Thierry Coursin est loin de l’image que l’on pouvait se faire, à l’époque, de ceux qui incarnaient la fonction : lunettes sévères, front dégarni, chemise blanche sous costume sombre… Lui, c’est plutôt jean et veste Hugo Boss… Malgré un accent qui chante bon le sud et ses cigales, il reste sur sa réserve. Il n’est pas prêt à l’effusion avec le premier venu. Les décisions importantes passent par son filtre. C’est comme ça qu’on l’aime ou qu’on le déteste. Parce qu’il est de toutes les réunions, de toutes les décisions. Parce qu’il impose une distance à tous ses interlocuteurs, mais qu’il reste un passage obligé vers le maire. La fonction lui va comme un gant, à l’ombre des politiques, et plus particulièrement de la tutelle de son patron, dans le monde clos des cabinets qu’il n’aime pas quitter pour s’exposer. Dans ces cénacles fermés, on loue ses capacités et notamment celle de ne pas se faire passer pour le calife à la place du calife… Le rapport de confiance et d’intimité politique sera la clef de voûte d’une collaboration qui durera 11 ans avec François Rebsamen. Onze années qui lui demanderont un sang-froid de dompteur, exigeront des ruses d’Apache et une prudence de Sioux… Pour faire court, la meilleure des formations possibles sur le tas.
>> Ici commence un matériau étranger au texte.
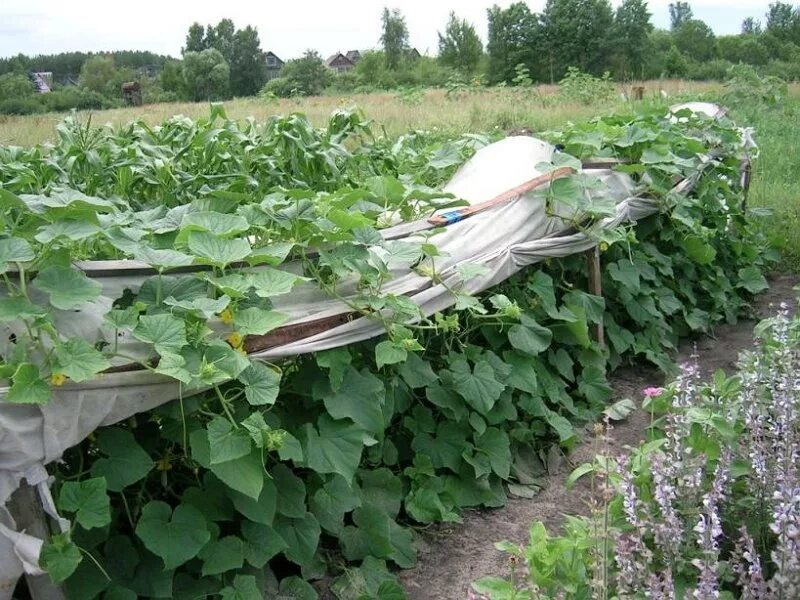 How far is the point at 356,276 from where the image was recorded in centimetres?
295

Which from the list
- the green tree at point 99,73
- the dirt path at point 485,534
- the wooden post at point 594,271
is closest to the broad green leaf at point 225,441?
the dirt path at point 485,534

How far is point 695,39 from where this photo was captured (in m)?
53.5

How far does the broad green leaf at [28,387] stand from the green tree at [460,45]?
49919 mm

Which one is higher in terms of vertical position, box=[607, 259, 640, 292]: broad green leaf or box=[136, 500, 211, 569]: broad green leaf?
box=[607, 259, 640, 292]: broad green leaf

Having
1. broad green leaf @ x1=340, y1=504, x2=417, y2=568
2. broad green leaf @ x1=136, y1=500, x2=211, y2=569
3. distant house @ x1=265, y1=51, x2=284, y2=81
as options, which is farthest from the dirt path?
distant house @ x1=265, y1=51, x2=284, y2=81

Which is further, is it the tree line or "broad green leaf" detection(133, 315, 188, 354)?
the tree line

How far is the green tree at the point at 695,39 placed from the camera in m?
51.8

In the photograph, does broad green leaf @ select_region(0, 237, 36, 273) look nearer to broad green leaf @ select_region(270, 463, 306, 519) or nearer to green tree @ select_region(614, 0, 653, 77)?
broad green leaf @ select_region(270, 463, 306, 519)

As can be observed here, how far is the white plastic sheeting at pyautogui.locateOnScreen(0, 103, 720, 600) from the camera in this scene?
216 cm

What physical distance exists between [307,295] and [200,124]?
185 centimetres

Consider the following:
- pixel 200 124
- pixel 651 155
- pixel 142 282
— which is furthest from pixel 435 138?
pixel 142 282

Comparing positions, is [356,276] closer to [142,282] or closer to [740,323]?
[142,282]

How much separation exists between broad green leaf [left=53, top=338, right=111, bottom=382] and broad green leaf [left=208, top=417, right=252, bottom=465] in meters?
0.34

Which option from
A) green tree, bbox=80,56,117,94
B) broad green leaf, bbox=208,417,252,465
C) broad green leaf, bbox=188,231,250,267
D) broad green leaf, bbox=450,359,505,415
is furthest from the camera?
green tree, bbox=80,56,117,94
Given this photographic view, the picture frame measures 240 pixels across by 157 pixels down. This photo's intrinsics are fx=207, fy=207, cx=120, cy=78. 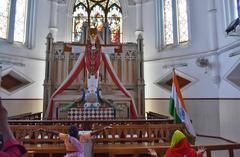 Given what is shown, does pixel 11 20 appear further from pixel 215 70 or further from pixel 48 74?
pixel 215 70

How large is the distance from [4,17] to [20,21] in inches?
27.8

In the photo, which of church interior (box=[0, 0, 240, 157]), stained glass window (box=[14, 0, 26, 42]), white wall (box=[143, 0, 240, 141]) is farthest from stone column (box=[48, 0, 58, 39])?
white wall (box=[143, 0, 240, 141])

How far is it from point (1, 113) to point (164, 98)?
869 centimetres

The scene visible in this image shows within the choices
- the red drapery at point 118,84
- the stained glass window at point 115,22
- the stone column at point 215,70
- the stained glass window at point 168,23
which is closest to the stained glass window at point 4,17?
the red drapery at point 118,84

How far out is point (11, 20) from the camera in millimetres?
8617

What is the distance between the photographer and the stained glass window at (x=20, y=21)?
898cm

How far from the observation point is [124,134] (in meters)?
4.54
Juin 2012, il passe du terrain politique au terrain de la construction. Il prend la direction des Entreprises publiques locales d’ aménagement de l’Agglomération dijonnaise (SPLAAD-SEMAAD) à la place de Thierry Lajoie qui rejoint le cabinet de Cécile Duflot, ministre de l’Egalité, du Territoire et du Logement… et balaie d’un revers de manche les quelques commentaires peu appropriés qui accompagnent sa nomination. C’est l’occasion d’affirmer, cette fois au grand jour, loin des coulisses, une capacité à essuyer les critiques avec stoïcisme et à distinguer l’essentiel de l’accessoire.
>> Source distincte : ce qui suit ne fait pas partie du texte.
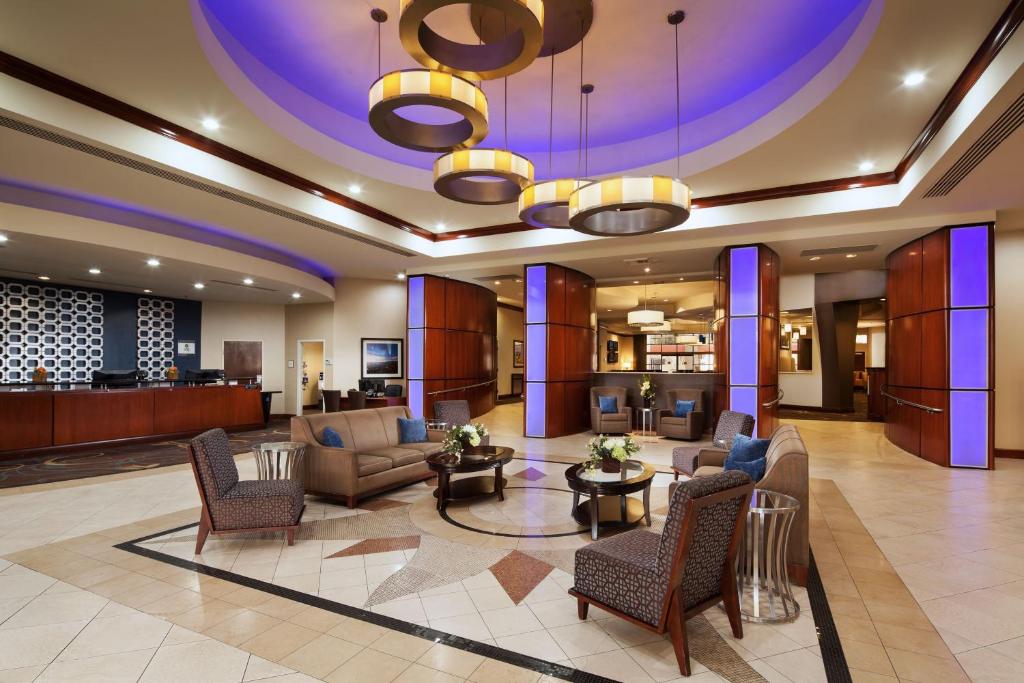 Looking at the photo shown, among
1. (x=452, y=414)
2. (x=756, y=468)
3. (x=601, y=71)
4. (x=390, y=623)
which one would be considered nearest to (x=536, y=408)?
(x=452, y=414)

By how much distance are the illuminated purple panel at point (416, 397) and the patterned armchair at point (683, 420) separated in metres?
4.99

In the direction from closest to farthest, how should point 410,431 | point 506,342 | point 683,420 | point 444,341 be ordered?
point 410,431 < point 683,420 < point 444,341 < point 506,342

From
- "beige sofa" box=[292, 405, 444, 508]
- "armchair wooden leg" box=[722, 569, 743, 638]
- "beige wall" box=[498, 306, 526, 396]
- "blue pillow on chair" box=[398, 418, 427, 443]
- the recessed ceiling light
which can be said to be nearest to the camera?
"armchair wooden leg" box=[722, 569, 743, 638]

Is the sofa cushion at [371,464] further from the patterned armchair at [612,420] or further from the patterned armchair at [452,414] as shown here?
the patterned armchair at [612,420]

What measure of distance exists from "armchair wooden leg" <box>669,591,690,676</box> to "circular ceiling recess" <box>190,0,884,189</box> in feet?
14.1

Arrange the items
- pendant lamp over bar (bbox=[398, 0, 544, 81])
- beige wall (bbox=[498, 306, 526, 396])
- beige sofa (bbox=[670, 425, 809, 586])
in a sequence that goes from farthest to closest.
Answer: beige wall (bbox=[498, 306, 526, 396]) → beige sofa (bbox=[670, 425, 809, 586]) → pendant lamp over bar (bbox=[398, 0, 544, 81])

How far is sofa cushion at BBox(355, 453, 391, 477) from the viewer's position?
5227mm

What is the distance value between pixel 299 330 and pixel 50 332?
16.5 feet

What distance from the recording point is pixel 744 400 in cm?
844

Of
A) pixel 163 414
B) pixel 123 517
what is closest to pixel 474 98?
pixel 123 517

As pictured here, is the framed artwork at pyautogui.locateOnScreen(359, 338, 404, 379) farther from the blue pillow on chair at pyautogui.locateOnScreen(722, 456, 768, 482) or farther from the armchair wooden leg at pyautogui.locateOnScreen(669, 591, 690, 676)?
the armchair wooden leg at pyautogui.locateOnScreen(669, 591, 690, 676)

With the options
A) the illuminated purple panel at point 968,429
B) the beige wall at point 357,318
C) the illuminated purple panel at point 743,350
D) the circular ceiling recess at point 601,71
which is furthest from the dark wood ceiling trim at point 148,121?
the illuminated purple panel at point 968,429

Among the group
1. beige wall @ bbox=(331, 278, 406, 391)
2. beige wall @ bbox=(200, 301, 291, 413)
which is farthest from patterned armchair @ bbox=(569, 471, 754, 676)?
beige wall @ bbox=(200, 301, 291, 413)

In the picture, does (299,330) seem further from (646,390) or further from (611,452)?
(611,452) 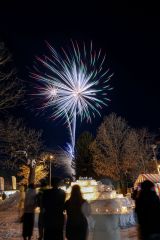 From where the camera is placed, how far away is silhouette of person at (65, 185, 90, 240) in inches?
233

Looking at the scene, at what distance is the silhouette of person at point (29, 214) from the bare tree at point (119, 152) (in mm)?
30699

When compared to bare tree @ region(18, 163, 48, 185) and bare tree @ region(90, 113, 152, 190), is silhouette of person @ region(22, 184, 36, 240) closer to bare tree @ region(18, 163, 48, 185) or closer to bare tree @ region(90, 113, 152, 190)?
bare tree @ region(90, 113, 152, 190)

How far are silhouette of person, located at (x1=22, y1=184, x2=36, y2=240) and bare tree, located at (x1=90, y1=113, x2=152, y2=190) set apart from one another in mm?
30699

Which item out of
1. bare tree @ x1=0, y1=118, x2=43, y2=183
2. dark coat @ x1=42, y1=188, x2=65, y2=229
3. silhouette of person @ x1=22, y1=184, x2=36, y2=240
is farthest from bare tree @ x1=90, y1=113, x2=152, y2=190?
dark coat @ x1=42, y1=188, x2=65, y2=229

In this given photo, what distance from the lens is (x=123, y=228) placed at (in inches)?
587

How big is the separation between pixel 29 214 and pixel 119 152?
3198 cm

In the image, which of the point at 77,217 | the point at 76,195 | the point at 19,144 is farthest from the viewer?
the point at 19,144

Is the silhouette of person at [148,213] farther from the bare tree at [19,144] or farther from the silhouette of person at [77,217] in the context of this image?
the bare tree at [19,144]

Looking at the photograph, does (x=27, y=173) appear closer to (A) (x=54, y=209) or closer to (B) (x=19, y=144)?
(B) (x=19, y=144)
En 2016, la SEMAAD (société d’économie mixte d’aménagement de l’agglomération dijonnaise) se transforme en une société privée de promotion d’immobilier d’entreprises, avec la Caisse d’Epargne Bourgogne – Franche-Comté pour actionnaire majoritaire. C’est la naissance de la Société Est Métropoles dont Thierry Coursin devient le PDG. Une entreprise qui n’a pas vocation à faire uniquement de la promotion immobilière mais à monter des projets qui contribuent au développement économique des territoires. Dernier en date, et pas le moindre, la prise en charge de la construction du nouveau siège de la Caisse d’Epargne Bourgogne – Franche-Comté et du parking silo mutualisé à Valmy qui formeront le plus grand ensemble bois de France.
L’homme de l’ombre assume aujourd’hui la vraie lumière. Derrière l’ironie légère, le sourire enjôleur, se cache un homme de caractère qui affiche l’autorité et la ténacité d’un leader, tout en contrôle, en maîtrise de soi, en tranquillité affichée et en énergie policée… mais sans le moindre angélisme. Et il n’a de cesse de mettre en avant les collaborateurs qui l’entourent. « Sans eux, rien ne serait possible ».
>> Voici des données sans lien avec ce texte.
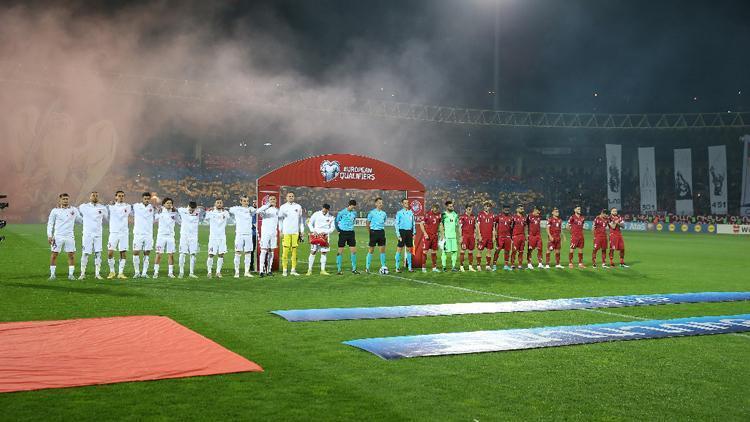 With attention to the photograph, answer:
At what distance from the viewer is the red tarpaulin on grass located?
6578 mm

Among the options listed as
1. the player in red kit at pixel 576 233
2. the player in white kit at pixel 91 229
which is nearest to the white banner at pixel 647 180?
the player in red kit at pixel 576 233

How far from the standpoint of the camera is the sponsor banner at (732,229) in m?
47.0

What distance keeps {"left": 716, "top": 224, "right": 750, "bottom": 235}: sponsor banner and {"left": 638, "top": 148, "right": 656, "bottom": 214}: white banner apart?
4592 millimetres

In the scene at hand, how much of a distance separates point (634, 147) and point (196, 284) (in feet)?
195

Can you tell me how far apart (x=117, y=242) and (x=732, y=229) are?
44.6m

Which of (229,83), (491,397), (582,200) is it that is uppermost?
(229,83)

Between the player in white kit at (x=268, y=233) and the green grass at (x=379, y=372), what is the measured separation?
3.60m

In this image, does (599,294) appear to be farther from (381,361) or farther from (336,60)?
(336,60)

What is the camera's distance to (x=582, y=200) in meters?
63.4

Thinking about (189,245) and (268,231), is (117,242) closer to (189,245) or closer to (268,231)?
(189,245)

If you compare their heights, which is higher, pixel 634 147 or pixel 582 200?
pixel 634 147

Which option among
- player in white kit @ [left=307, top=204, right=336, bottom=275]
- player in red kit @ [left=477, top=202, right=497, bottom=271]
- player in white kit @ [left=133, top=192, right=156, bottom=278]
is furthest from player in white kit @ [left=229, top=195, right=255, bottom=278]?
player in red kit @ [left=477, top=202, right=497, bottom=271]

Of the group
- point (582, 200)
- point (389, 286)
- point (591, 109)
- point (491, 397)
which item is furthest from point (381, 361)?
point (591, 109)

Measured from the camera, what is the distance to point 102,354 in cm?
757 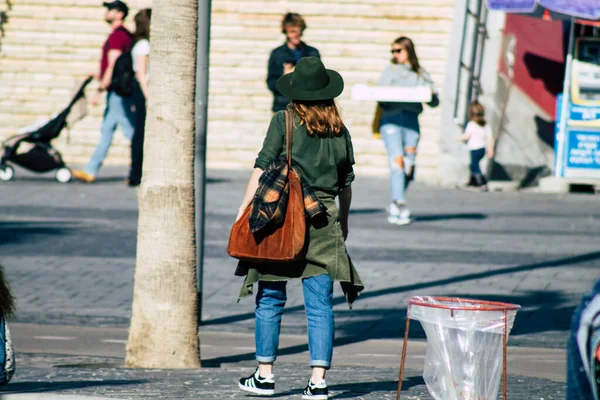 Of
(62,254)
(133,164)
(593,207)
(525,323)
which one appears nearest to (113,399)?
(525,323)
Le bois, patrimoine d’avenir ? Posez donc la question à Thierry Coursin qui pourrait d’ailleurs faire sien ce très joli propos de l’écrivain-voyageur Sylvain Tesson : « Les arbres nous enseignent une forme de pudeur et de savoir-vivre. Ils poussent vers la lumière en prenant soin de s’éviter, de ne pas se toucher, et leurs frondaisons se découpent dans le ciel sans jamais pénétrer dans la frondaison voisine. Les arbres, en somme, sont très bien élevés, ils tiennent leurs distances. Ils sont généreux aussi (…) ».